In your post you made several applications all based upon the same principle. I have opted to deal only with the heart of the confusion from which the same missteps were repeated.

You wrote:
“So a claim that the same sessional duties exist toward a communicant member and a non-communicant just isn't supported by the Rules of Discipline.”

You’ve innocently conflated what I have been calling responsibility with what you’ve now labeled “duty.” The two meanings as they have been employed here are vastly different. That is easily demonstrated by the intelligibility of the following proposition: “An elder is responsible before God to discharge his various duties - duties toward non communing members, which differ from those toward communing members.”

Clearly in that proposition the specific duties of discharge can be distinguished from the responsibility to God to discharge. Indeed, that’s what you’ve done. You’ve zeroed in on the various duties toward different categories of sheep, whereas I’ve been talking about the responsibility of exercising those duties before God - the responsibility the elder has to shepherd Christ’s sheep.

In that construct I just highlighted, the elder is ultimately responsible to God (vertically / singular) for how he discharges his plurality of duties (horizontally) toward communing and non communing members under varying circumstances. Clearly, duty and responsibility do not mean the same thing.

I referred to horizontal duties here in the context of the elder’s responsibility:

“How it [responsibility] is to be discharged over time changes, but the awesome responsibility is the same. It’s one of under shepherd. In fact, with respect to children, to neglect pastoral duties (plural and horizontal) is to become complicit should a covenant child be led astray.

I also wrote:

“Circumstances commensurate with a member’s age and the various occasions of life (doubts, marriage, old age and everything in between) will make way for different ways in which the elders will demonstrate their responsibility...”

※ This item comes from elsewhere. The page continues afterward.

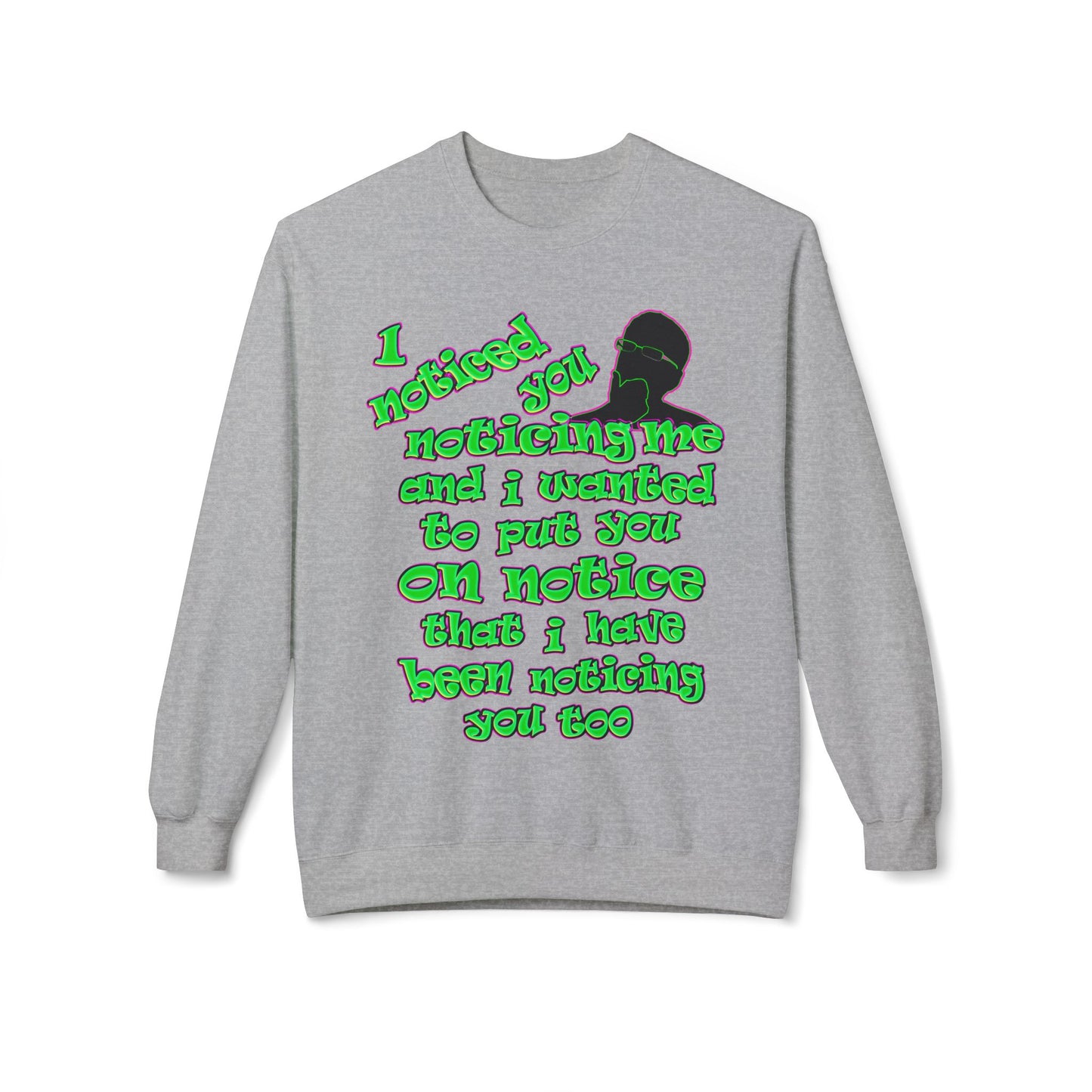 noticed you noticing - Unisex Midweight Softstyle Fleece Crewneck Sweatshirt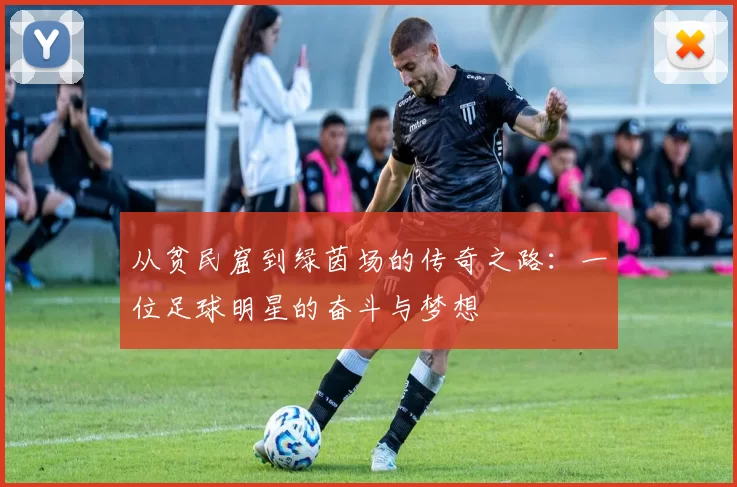 从贫民窟到绿茵场的传奇之路：一位足球明星的奋斗与梦想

The “different ways in which the elders will demonstrate their responsibility” is precisely what your use of “duty” denotes. (And it’s how I used “duty” as well.)

But as I’ve repeated now several times in different ways, how the elder exercises responsibility “just looks different over time.” The elder is responsible for various duties, but he’s no less responsible to God in all those duties.

The elder is responsible to God to shepherd the flock. To Him he will give an account for how he performed his various duties - the “different ways in which the elders will demonstrate their responsibility...”
 
This is rather remarkable.

I wrote: The chapters you reference bolster my point. The pastoral oversight for little ones is no less than enormous. How it is to be discharged over time changes, but the awesome responsibility is the same.

And you replied, “No, it isn't.” And then tried to defend, “No, it isn't.”

So, the pastoral oversight for little ones is not an enormous responsibility? Jesus doesn’t think the elders have enormous responsibility for His lambs? Moreover, the way in which that oversight is discharged over time doesn’t change? Shepherding a seven year old is no different than shepherding a woman under hospice care?

"The Church should maintain constant and sympathetic relations with the children. It also should encourage them, on coming to years of discretion, to make confession of the Lord Jesus Christ and to enter upon all privileges of full church membership. If they are wayward they should be cherished by the Church and every means used to reclaim them"
You operate as though the elders are exempt from the responsibility of the church, when it is they who have the greatest sphere of influence, for it is they who have been ordained to this call.

What I’ve put forth is hardly controversial. In fact, it’s pretty plain vanilla.